Minggu, 09 Oktober 2016

Tuhan bersama mahasiswa tahun akhir

Sumber foto: Google
“Tuhan bersama mahasiswa tahun akhir”. Mungkin itu sebuah kata mutiara yang sangat disenangi oleh mahasiswa-mahasiswa penyusun daftar pustaka, kenapa tidak, kondisi yang mengurung mereka agar secepatnya mengakhiri status ”pelajar” sangatlah membutuhkan dukungan-dukungan dari berbagai pihak agar gelar sarjana yang dinanti-nanti menyemat pada nama mereka.
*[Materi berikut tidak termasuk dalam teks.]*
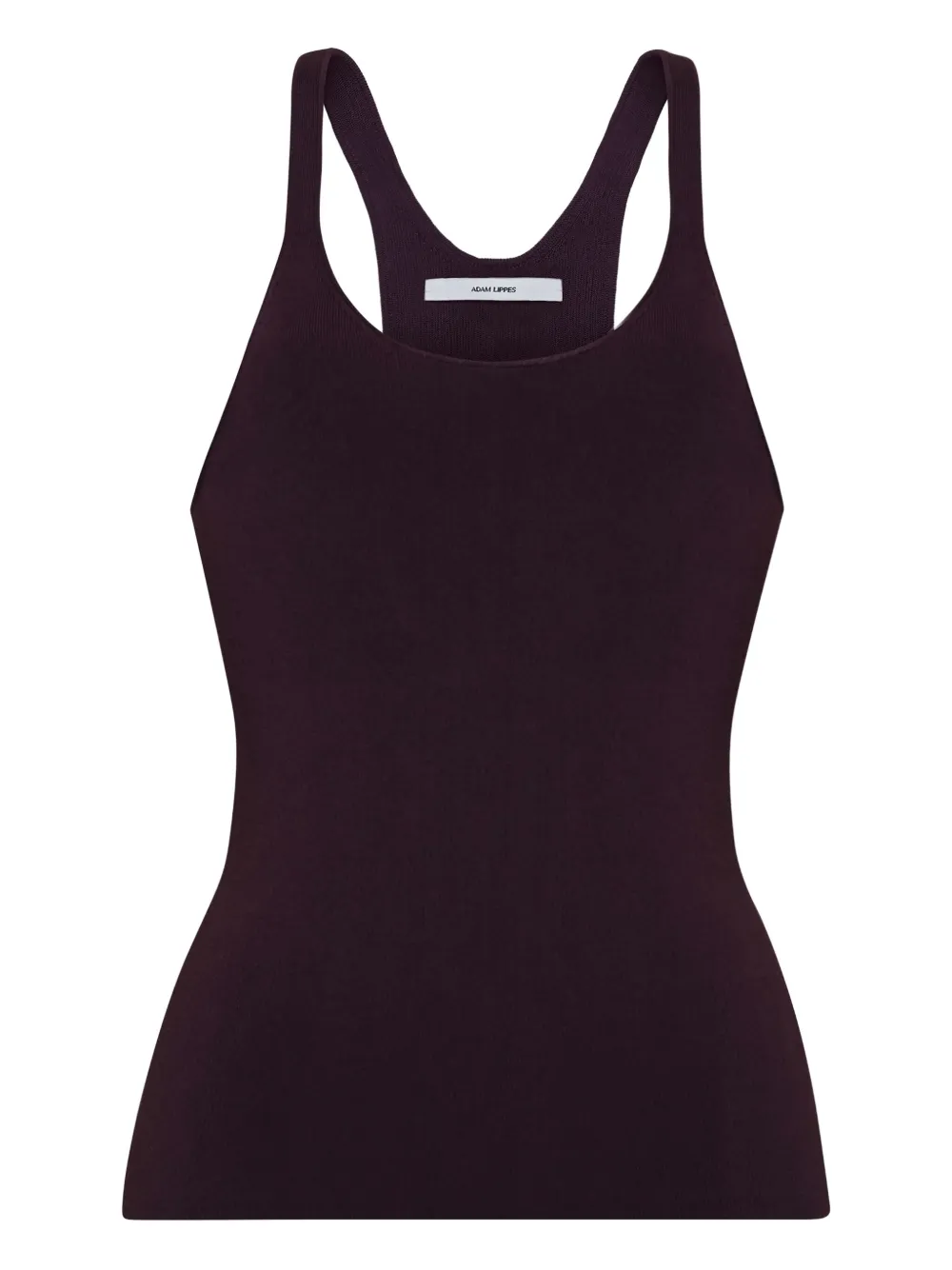 Lumii tank top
Saya cukup setuju dengan kalimat tersebut, karena saya melihat mahasiswa tahun akhir biasanya akan merubah sikap dalam pergaulan sehari-hari, mereka akan banyak beribadah, baik siang atau malam hari meminta kepada Tuhan agar dimudahkan segala urusan dan dijauhkan dari masa depan yang buruk.




Sebagai mahasiswa tahun akhir, sangatlah banyak pertanyaan-pertanyaan kehidupan yang dilemparkan kepada saya, pertama pertanyaan seputar kuliah, yaitu kapan wisuda, meskipun sudah dijawab dengan kalimat “sedang berjuang, mohon doakan” lalu datanglah bertubi-tubi pertanyaan oleh lingkungan yang benar-benar serasa diintegorasi oleh alam semesta. Misalnya pertanyaan setelah wisuda mau ngapain? Kerja dimana? Bahkan kadang muncul pertanyaan seputar masa depan yang sesungguhnya, yaitu kapan nikah? Udah punya calon jodohkah?. Itu adalah pertanyaan yang dilemparkan oleh orang-orang yang memang sudah mengenal kita sejak lama
.
Pertanyaan yang paling sulit dijawab adalah pertanyaan yang dilontarkan oleh orang-orang yang tidak atau baru mengenal kita, apalagi pertanyaan tersebut dilontarkan saat kita yang sudah melewati masa target kuliah. Sudah semester berapa sekarang? Jawabannya cukup berat, kenapa tidak, yang orang tau, kuliah itu cuma delapan semester namun saya jawab semester sembilan, kan terdengar ironis bagi orang awam. Namun ketika menjawab semester sembilan, maka saya biasanya langsung menambahkan dengan kalimat “sedang menyusun sekarang kok”. Ya kalimat diplomatis atau sebagai verifikasi agar jawaban semester sembilan tidak terdengar aneh.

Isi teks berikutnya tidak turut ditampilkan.